So, what'ya like in particular about that version of CIB?
My impression is that this is probably not his most inspired live performance, and maybe they had to add the binaural dummy head sound to counterbalance a rather, I think, unenergetic performance. Cursin' a lot doesn't help either. But I think Manfred Schunke (pron.: shoo'n'qué, not skunky) did a good job here, like on Street Hassle too.

Likin' how Lou sings the whole first part of Coney Island Baby on the live record instead of
how he just talks it more on the studio version.
Some of them parts are great like "The strangest dude I ever knew..." "When ya all alone and
lonely..." "Hey Lou Reed, you'll never be a human bein'..." and then at the end when he says
"Sorry it took awhile." Haha.
The piano is great on this, especially when he starts poundin' the keys.
Some great background vocals on this thing too.
Guess it's one of my favorite Lou Reed songs.

Here's the part of the recording process I was thinkin' of:
"Live: Take No Prisoners was recorded during the series of albums where Reed employed the use of a
binaural recording setup, using a dummy head with microphones in each ear."
 

born to mourn and yawn

Well-Known Member
I have been listening to the A-Side of Lou Reed's "Sally Can't Dance" lately and also thoroughly.
t1.jpg


This is a 1974 UK stereo copy on the RCA Victor label. Not in best shape, the sound is pretty muffled, but actually, I find this quite conducive to my mind at the moment. Highly enjoyable A-side consisting of four songs.
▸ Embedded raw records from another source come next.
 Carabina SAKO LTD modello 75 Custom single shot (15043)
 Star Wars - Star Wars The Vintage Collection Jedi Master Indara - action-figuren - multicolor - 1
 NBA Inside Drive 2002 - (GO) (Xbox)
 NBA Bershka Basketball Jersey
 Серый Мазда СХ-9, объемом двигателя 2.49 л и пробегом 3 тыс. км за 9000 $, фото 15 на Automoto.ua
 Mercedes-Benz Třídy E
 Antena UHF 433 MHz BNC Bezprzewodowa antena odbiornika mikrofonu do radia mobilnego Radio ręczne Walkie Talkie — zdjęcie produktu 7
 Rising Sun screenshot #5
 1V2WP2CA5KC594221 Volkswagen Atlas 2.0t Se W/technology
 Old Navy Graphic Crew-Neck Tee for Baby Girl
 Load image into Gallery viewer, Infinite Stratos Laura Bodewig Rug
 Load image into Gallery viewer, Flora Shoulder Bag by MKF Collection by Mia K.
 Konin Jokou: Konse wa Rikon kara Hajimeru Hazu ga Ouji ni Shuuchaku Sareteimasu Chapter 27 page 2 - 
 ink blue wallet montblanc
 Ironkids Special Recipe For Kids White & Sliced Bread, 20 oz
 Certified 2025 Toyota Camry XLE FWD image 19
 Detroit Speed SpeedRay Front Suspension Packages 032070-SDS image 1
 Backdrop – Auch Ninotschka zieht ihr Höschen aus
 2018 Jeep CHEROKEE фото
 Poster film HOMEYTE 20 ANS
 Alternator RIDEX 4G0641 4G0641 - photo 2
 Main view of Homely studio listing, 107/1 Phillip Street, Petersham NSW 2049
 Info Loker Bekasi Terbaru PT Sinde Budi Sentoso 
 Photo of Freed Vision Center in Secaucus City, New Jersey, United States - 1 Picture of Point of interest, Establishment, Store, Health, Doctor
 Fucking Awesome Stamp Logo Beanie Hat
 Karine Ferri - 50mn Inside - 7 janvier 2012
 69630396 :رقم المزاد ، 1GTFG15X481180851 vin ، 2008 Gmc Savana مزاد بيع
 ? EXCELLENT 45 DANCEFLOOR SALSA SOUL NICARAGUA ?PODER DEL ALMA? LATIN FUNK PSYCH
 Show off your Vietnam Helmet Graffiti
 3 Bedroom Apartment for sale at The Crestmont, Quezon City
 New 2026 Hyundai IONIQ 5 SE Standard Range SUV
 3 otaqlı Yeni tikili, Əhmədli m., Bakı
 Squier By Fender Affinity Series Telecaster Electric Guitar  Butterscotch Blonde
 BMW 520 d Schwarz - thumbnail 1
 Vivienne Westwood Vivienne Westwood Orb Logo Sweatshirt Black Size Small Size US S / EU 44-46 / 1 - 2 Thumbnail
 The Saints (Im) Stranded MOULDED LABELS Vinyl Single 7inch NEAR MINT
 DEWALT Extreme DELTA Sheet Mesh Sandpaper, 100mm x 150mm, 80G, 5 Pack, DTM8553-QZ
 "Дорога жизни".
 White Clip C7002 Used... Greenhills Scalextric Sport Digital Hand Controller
Ride Sally Ride is a nice opener, bugle-intro and all, with poor Sally being gang-raped? The second song is Animal Language, my favorite on this side, as my cats and I can sing along in unison to this one. The third song, Baby Face, I find a bit boring musically. Too bluesy for my taste. New York Stars, number four, is a great song, and it kinda sounds different to the other three, clearer and more spacious. Not sure if this is material related or if they were experiencing with binaural sounds again.

t2.jpg


Here it is, all brushed and scrubbed. Will defo listen to it more often.